The Department for Business, Energy and Industrial Strategy (BEIS) has published the final report Mission Zero: Independent review of net zero (Review).
The lengthy Review runs to 340 pages and makes 129 recommendations, with short, medium and long-term actions, and is split into two parts:
- Part 1 explains the opportunity and benefits to individuals and the economy. It places domestic action in an international context and emphasises that the UK must go further and faster to realise the economic benefits of net zero.
- Part 2 sets out how to achieve the opportunity of net zero across six pillars: Securing net zero; Powering net zero; Net zero and the economy; Net zero and the community; Net zero and the individual; and Net zero and the future. It makes recommendations to catalyse action in individual sectors of the economy, and to enhance the role of local authorities, communities and individuals to deliver net zero.
This update highlights some of the key takeaways from a corporate and corporate governance perspective.
What’s on the horizon for boards of UK companies?
The Review’s recommendations that will be of interest to those following corporate and corporate governance developments in relation to ESG include the following.
Pillar 1: securing net zero
- Implement the International Sustainability Standards Board (ISSB) standards as soon as they are published. The UK should aim for 2024-25 as the first sustainability reporting cycle for companies in scope, encouraging companies to apply the ISSB's standards voluntarily in 2023-24. This will build on Taskforce for Climate-Related Financial Disclosures (TCFD) initiatives.
- Make the UK Transition Plan Taskforce (TPT) standards mandatory for both listed and private firms, once more developed, to ensure comparable disclosure standards across the economy.
- Update the UK Stewardship Code for institutional investors as part of its review at the end of 2023 to explicitly reflect the need to take sustainability and the transition into account.
- Consider the appropriateness of a transition taxonomy (alongside a UK green taxonomy) that is simple and proportionate.
Pillar 3: net zero and the economy
- Review how the UK can become the most competitive financial centre for green and transition listings, capital raising and project financing. The government and FCA should take the opportunity of the ongoing reform of the prospectus and listing regimes to review the rules to encourage integrity and growth in the market for green finance instruments, with the aim of supporting the net zero transition. This should include working with issuers, their advisers and market participants such as exchanges and venues (including the role of the London Stock Exchange).
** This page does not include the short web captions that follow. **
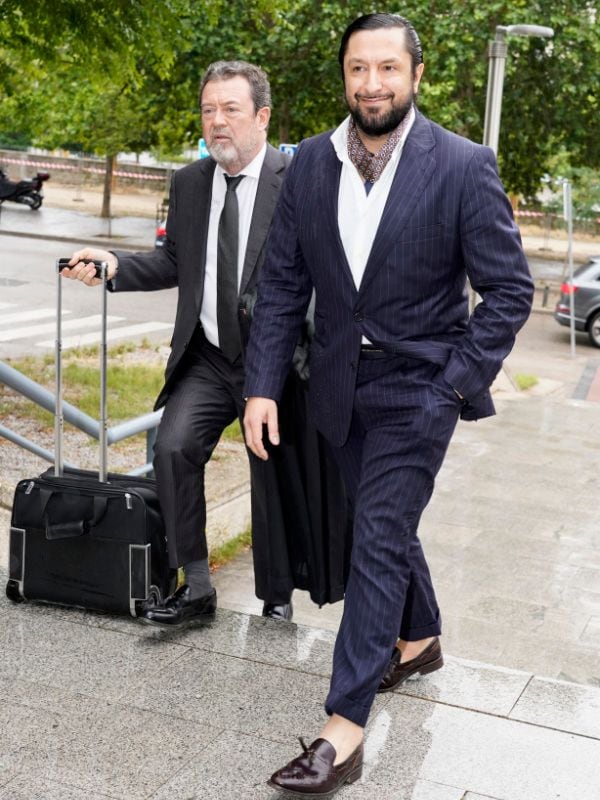 Rafael Amargo con su abogado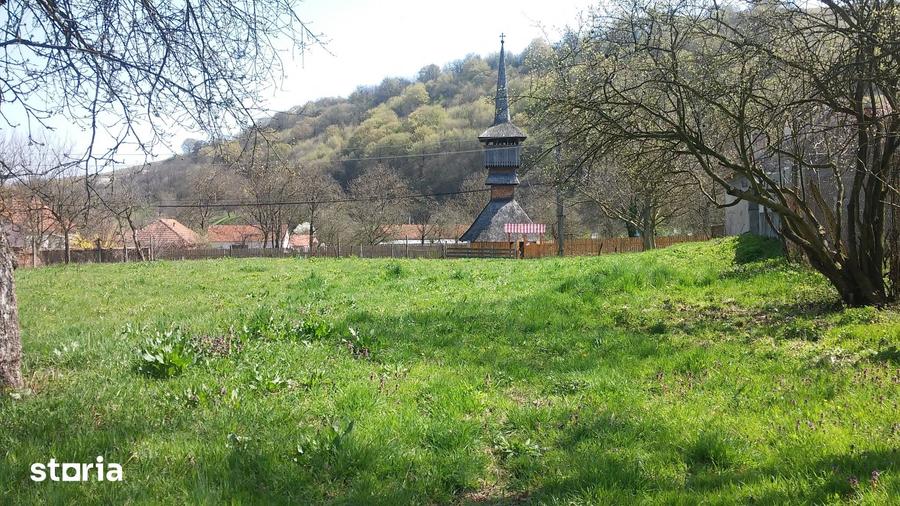 Teren de 2219 mp, în Lăpugiu de Jos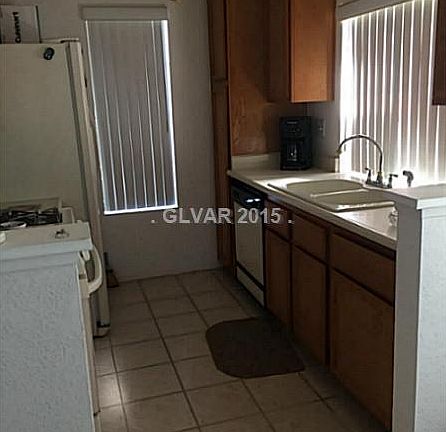 5th image of 4819 Nara Vista Way Unit 104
- In updating the Green Finance Strategy in 2023, set out a clear, robust and ambitious approach to disclosure, standard setting, and scaling up green finance. This should set out how the government will meet the existing commitments to implement Sustainable Disclosure Requirements across the economy.
Pillar 6: net zero and the future
The report discusses standards for voluntary carbon markets.
What next?
The majority of the above recommendations will not come as a surprise to UK corporates, and indeed a number of them are already being progressed. The recommendations highlight that, if implemented by the government, private as well as listed companies will have to navigate an increasing amount of government policy and regulation in terms of ESG and climate-related reporting.